MADDE 96- Borçlu, elinde bulunan bir malı başkasının mülkü veya rehni olarak gösterdiği yahut üçüncü bir şahıs tarafından o mal üzerinde mülkiyet veya rehin hakkı iddia edildiği takdirde, icra dairesi bunu haciz ve icra tutanaklarına geçirir ve keyfiyeti iki tarafa bildirir.

İcra dairesi aynı zamanda istihkak iddiasına karşı itirazları olup olmadığını bildirmek üzere alacaklı ve borçluya üç günlük mühlet verir. Sükûtları halinde istihkak iddiasını kabul etmiş sayılırlar.

Malın haczine muttali olan borçlu veya üçüncü şahıs, ıttıla tarihinden itibaren yedi gün içinde istihkak iddiasında bulunmadığı takdirde, aynı takipte bu iddiayı ileri sürmek hakkını kaybeder. İstihkak iddiasının yapıldığı veya istihkak davasının açıldığı tarihte istihkak müddeisi ile birlikte oturan kimseler yahut bu şahısların iş ortakları, iddianın yapıldığı tarihte veya istihkak davası 97 nci maddenin 9 uncu fıkrası gereğince açılmışsa davanın açıldığı tarihte malın haczine ıttıla kesbetmiş sayılırlar.

 

İİK m. 97 – 2- Üçüncü şahsın istihkak iddiası

 

MADDE 97- İstihkak iddiasına karşı alacaklı veya borçlu tarafından itiraz edilirse, icra memuru dosyayı hemen icra mahkemesine verir. İcra mahkemesi, dosya üzerinde veya lüzum görürse ilgilileri davet ederek mürafaa ile yapacağı inceleme neticesinde varacağı kanaate göre takibin devamına veya talikine karar verir.

İstihkak davasının sırf satışı geri bırakmak gayesiyle kötüye kullanıldığını kabul etmek için ciddî sebepler bulunduğu takdirde icra mahkemesi takibin taliki talebini reddeder.

Takibin talikine karar verilirse, haksız çıktığı takdirde alacaklının muhtemel zararına karşı davacıdan 36 ncı maddede gösterilen teminat alınır.

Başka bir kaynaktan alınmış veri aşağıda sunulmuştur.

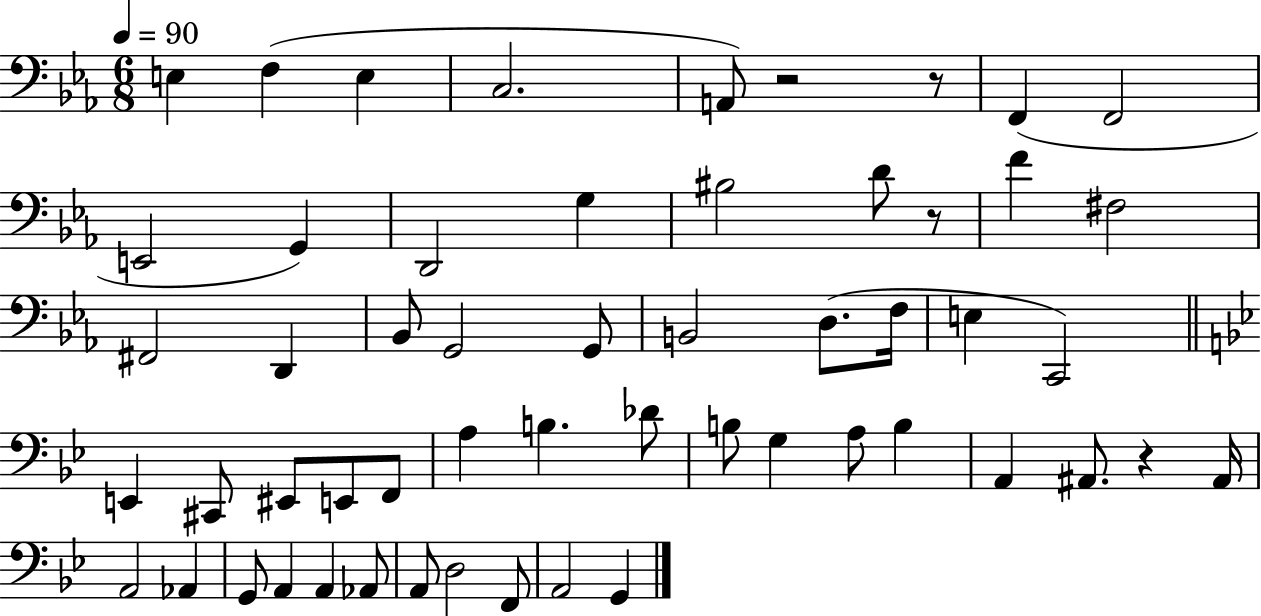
X:1
T:Untitled
M:6/8
L:1/4
K:Eb
E, F, E, C,2 A,,/2 z2 z/2 F,, F,,2 E,,2 G,, D,,2 G, ^B,2 D/2 z/2 F ^F,2 ^F,,2 D,, _B,,/2 G,,2 G,,/2 B,,2 D,/2 F,/4 E, C,,2 E,, ^C,,/2 ^E,,/2 E,,/2 F,,/2 A, B, _D/2 B,/2 G, A,/2 B, A,, ^A,,/2 z ^A,,/4 A,,2 _A,, G,,/2 A,, A,, _A,,/2 A,,/2 D,2 F,,/2 A,,2 G,,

Teminatın cins ve miktarı mevcut delillerin mahiyetine göre takdir olunur.

Takibin devamına dair verilen icra mahkemesi kararı kesindir.

Üçüncü şahıs, icra mahkemesi kararının tefhim veya tebliğinden itibaren yedi gün içinde icra mahkemesinde istihkak davası açmaya mecburdur. Bu müddet zarfında dava edilmediği takdirde üçüncü şahıs alacaklıya karşı iddiasından vazgeçmiş sayılır.

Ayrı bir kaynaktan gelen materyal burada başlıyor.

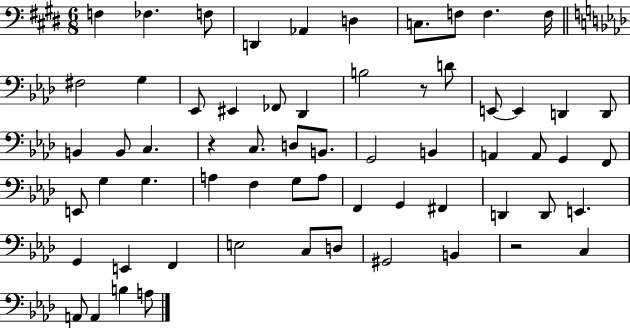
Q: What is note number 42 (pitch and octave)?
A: F2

Kiralanan taşınmaz veya gemilerdeki hapis hakkına tabi eşya ile ilgili istihkak davaları Borçlar Kanununun 268 inci maddesinin 1 inci fıkrasında yazılı hükümlere uygun olmadıkça talik emri verilemez.

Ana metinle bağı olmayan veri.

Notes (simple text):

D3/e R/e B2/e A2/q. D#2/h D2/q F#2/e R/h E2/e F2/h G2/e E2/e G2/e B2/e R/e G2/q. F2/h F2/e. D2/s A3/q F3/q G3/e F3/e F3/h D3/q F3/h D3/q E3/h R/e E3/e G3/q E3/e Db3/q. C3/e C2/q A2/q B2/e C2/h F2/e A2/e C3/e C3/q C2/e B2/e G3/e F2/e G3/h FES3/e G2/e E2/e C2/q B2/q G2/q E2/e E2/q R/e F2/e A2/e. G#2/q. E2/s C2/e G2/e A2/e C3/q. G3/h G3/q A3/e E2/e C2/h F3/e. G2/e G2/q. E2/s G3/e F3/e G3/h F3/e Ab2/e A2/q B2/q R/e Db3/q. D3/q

Dava esnasında 106 ncı maddedeki müddetler cereyan etmez.

Yukardaki hükümler dairesinde kendisine istihkak talebinde bulunmak imkânı verilmemiş olan üçüncü şahıs, haczedilen şey hakkında veya satılıp da bedeli henüz alacaklıya verilmemişse bedeli hakkında, hacze ıttıla tarihinden itibaren yedi gün içinde, icra mahkemesinde istihkak davası açabilir. Aksi takdirde aynı takipte bu iddiayı ileri sürmek hakkını kaybeder. Bu halde davacının talebi üzerine icra hakimi takibin talik edilip edilmemesi hakkında yukardaki hükümler dairesinde acele karar vermeye mecburdur. Bu karar diğer taraf dinlenmeksizin de verilebilir.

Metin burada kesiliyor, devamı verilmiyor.